Almost all of that was (still is) offered by last year’s A90J OLED too, though. It’s really when consumers start watching their favorite modern HDR content — be it movies, TV shows, or documentaries — that the QD-OLED factor makes its presence felt: the purity of red and green, the extra brightness and the capabilities of the new XR processor work in tandem to deliver a more vibrant, more vigorous picture that draws more attention to its detail than ever before. Viewers who know what to look for will instantly spot the differences e.g. in fire or lightning effects but — after a while — they will realize that the picture is more lively and more energetic as a whole. Even people not focusing on HDR highlights or nit counts, though, will quickly notice that on the screen of this TV they are seeing colors they haven’t seen before. The A95K is on another level. It is that simple.
It’s no wonder that yours truly spent so much time — so much time not really spare these days but so worth it for this particular indulgence — during this review watching many of his favorite films, episodes and documentaries on the A95K. In some of them, due to moderate or conservative approaches in the color grading process of the content itself, there were minimal differences between Sony’s first QD-OLED TV and its best OLED TV, the A90J. In most of them, though, especially in films delivered in UltraHD Blu-ray or through Disney Plus and Apple TV Plus, there were several scenes that felt as if they were only now watched in the way they were originally intended: the picture was not just brighter, it was richer, more spirited, more intense. Picture quality nerds will have a blast going through their movie collections again, that’s for sure!
Gaming: imperfect but still exciting
So, overall, the A95K does deliver the best picture quality possible right now in TV shows and movies. A lot of people also use their living room TV sets for gaming these days, though, so how does this particular Bravia fare in that regard? Traditional OLED TVs have always been considered almost ideal for modern gaming, after all, so this superior QD-OLED model will surely deliver the goods too, right? Well… it’s not that simple.

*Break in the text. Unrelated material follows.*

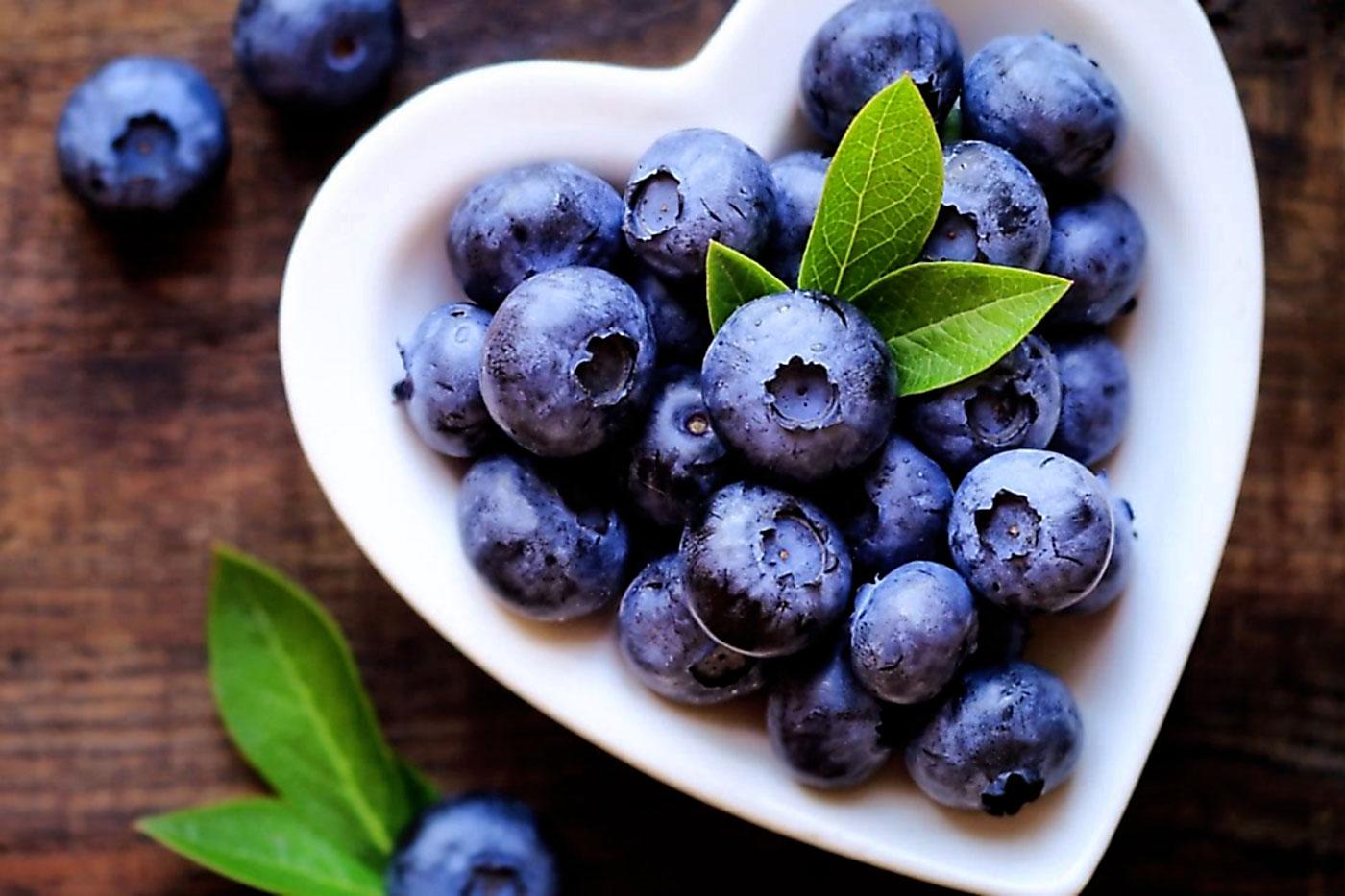 Un tazón de cualquier fruta fresca es una excelente idea para un refrigerio, pero los arándanos son la mejor opción. Los arándanos son increíbles porque tienen azúcares naturales, fibra para ayudar a ralentizar la liberación de energía y son alimentos increíbles para el cerebro porque están llenos de antioxidante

On one hand, based on features alone, the A95K cannot claim to be a top gaming TV in 2022. There’s that matter mentioned earlier of the two HDMI 2.1 ports, which does impose certain restrictions on dedicated gamers that are hard to ignore. Multiple TV lines from LG, Samsung and others offer four such HDMI 2.1 ports, enough for an eARC soundbar and all three modern gaming platforms (PS5/PC/Xbox Series S or Series X) connected to those models, all at once.
Then there’s the matter of support for several gaming technologies other TVs offer while the A95K doesn’t. Sony’s new TV does support 4K resolution at 120 Hz and VRR out of the box this year, but it does not support nVidia’s G-Sync (“simple” or Ultimate) or AMD’s FreeSync (“simple” or Premium Pro), important to PC gamers and Xbox gamers. The A95K also supports Auto HDR Tone Mapping (for correctly matching a game’s color palette to its screen capabilities) as well as ALLM (for activating Game Mode when a PS5/Xbox Series S or X connected to it is turned on), but it lacks support for Dolby Vision at 4K/120 Hz, as well as the specialized gaming overlays or dashboards other TVs offer in the last couple of years.

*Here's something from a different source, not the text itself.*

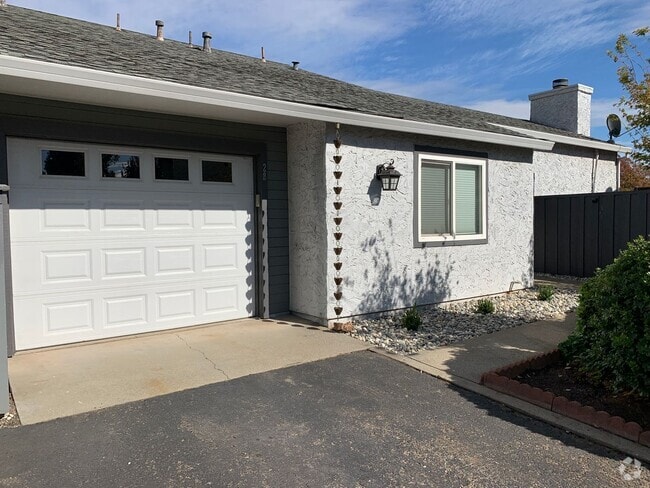 Building Photo - Welcome home! 1 Bedroom/ 1 Bath Condo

On the other hand, having said all that, it’s extremely difficult not to be impressed by the amazing picture the A95K offers with modern games. The QD-OLED panel this TV set is built around delivers more vibrant, impactful colors than traditional OLEDs do, as well as dazzling highlights — so explosions, fires, reflections, metals, etc. all look more impressive on the A95K that on a typical OLED TV. In Game Mode these colors are not as accurate or cinematic as on the Bravia’s Custom Mode, of course, but that is true of every other current TV’s Game Mode and rightly so: professional calibration-level color accuracy in PS5/XSX games would only make them look bland… and hardly any gamer wants that.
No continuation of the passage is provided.